I've been following your blog for a little while now and I noticed an increase of fitness posts, and now I understand why! Congrats on your mind body transformation. You look and sound fantastic! I tune in for the GF stuff, but I think it's awesome to rediscover your inner athlete :)
-Dana

Courtney said...

I feel like I'm stuck in your old cycle. This post was perfect and just what I needed to read right now. Congratulations!

CabotRD said...

This is SUCH an inspiration... and I think the fact that you've found your happy place on your blog mixing up fitness and food is wonderful! Being true to who you are and what you're passionate about is - for me - the golden rule of blogging :) And I love that you share it didn't come naturally. I think we often times read about marathoners, cross fitters, etc., and think they were born this way. Knowing that some of us have to grow into it, is inspiring. As my trainer tells me -- we have to get comfortable with being uncomfortable! Can't wait to meet you in May.

Katie Webster said...

What a great post. I totally got goosebumps Marlow. I am really inspired by your story! I love fitness so much too. I am always afraid to talk about it on my blog because I am afraid of loosing readers too. So refreshing to hear your perspective! Rock it girl. Can't wait to meet you IRL next month at VCM!

Kelly Janowski said...

Great work! And if you lost readers, it's their loss. Fitness is what we do for US, not anyone else!

Erin Obriecht said...

What an amazing post! You are so awesome and your story is so inspiring. I also rarely talk about exercising because it really opens you up for snarky, nasty comments and I have a nail blog...I don't think my readers want to know what I ate. Just what sparkles! Great work! You look amazing.

Candace Karu said...

What an inspirational post. Thank you for sharing your journey with us. Your positive example will help keep me motivated for a long time!

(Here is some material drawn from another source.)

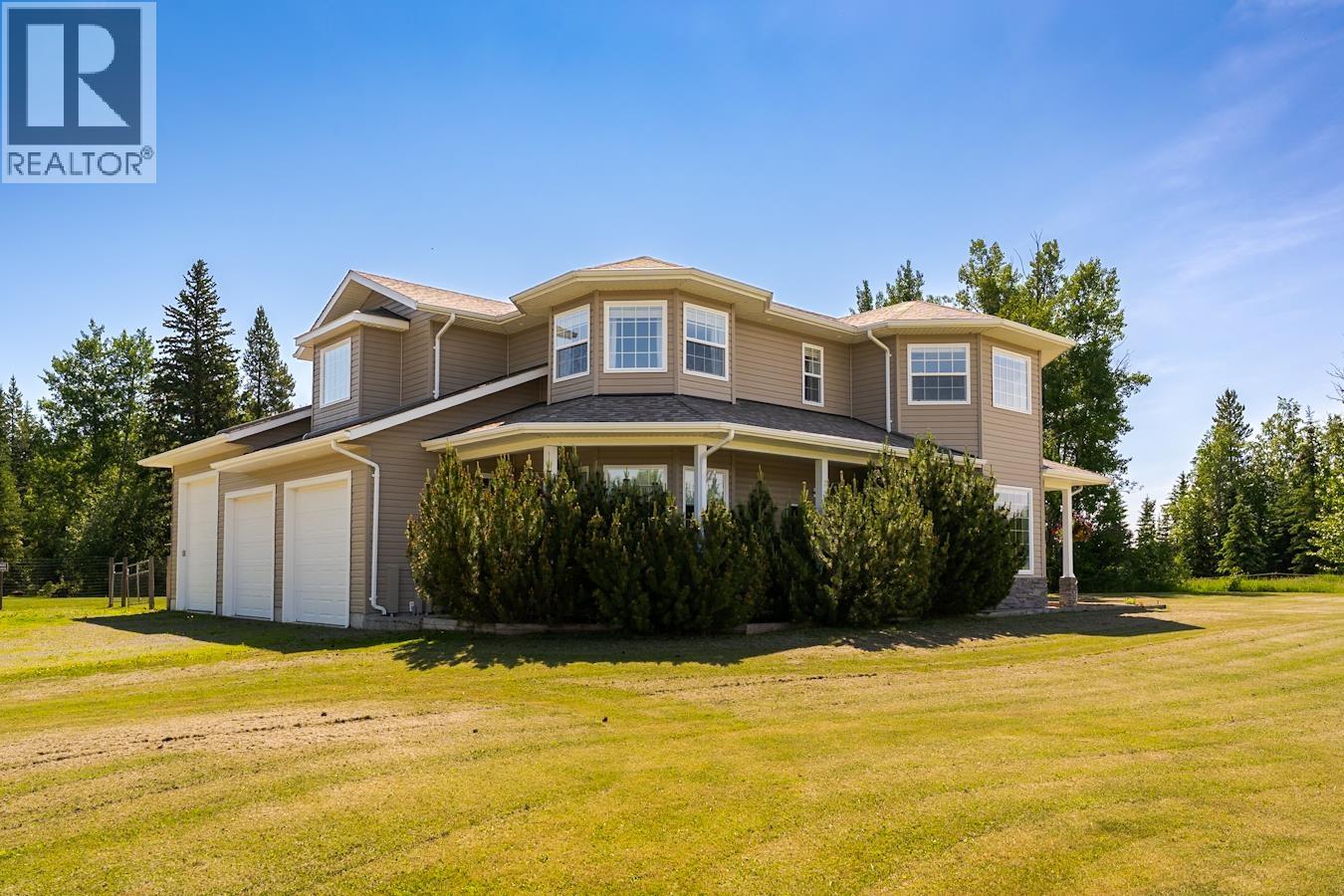 13200 E BEAVERLEY ROAD - 1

Deanna - Teaspoon of Spice said...

Fantastic post (and so looking forward on meeting you in May!) I don't know how anyone can't relate to being "stuck' when it comes to weight and/or exercising. I like how you emphasize that the weight was slow to come off (sometimes it seemed too slow) but the key is because it wasn't ever coming back on. I, too, was that person who never thought they could run years ago and finally started slowly. Then I was stuck in "only running" rut for exercise for years and finally started doing a boot camp class a few yrs ago and really love how it changed my view on exercise.

Jenni said...

Wow, what a post - I had noticed all the fitness stuff obviously but did not realize how far you had come! I am currently at the other end of the spectrum, I gained a lot of weight after moving and taking on a new office job with a really restrictive schedule and hours staring at a PC. I go through bouts of being motivated - and ran my first 5K last year despite always thinking I hated running too - but my weight and size remain constant despite my efforts. You are an inspiration to keep on trying!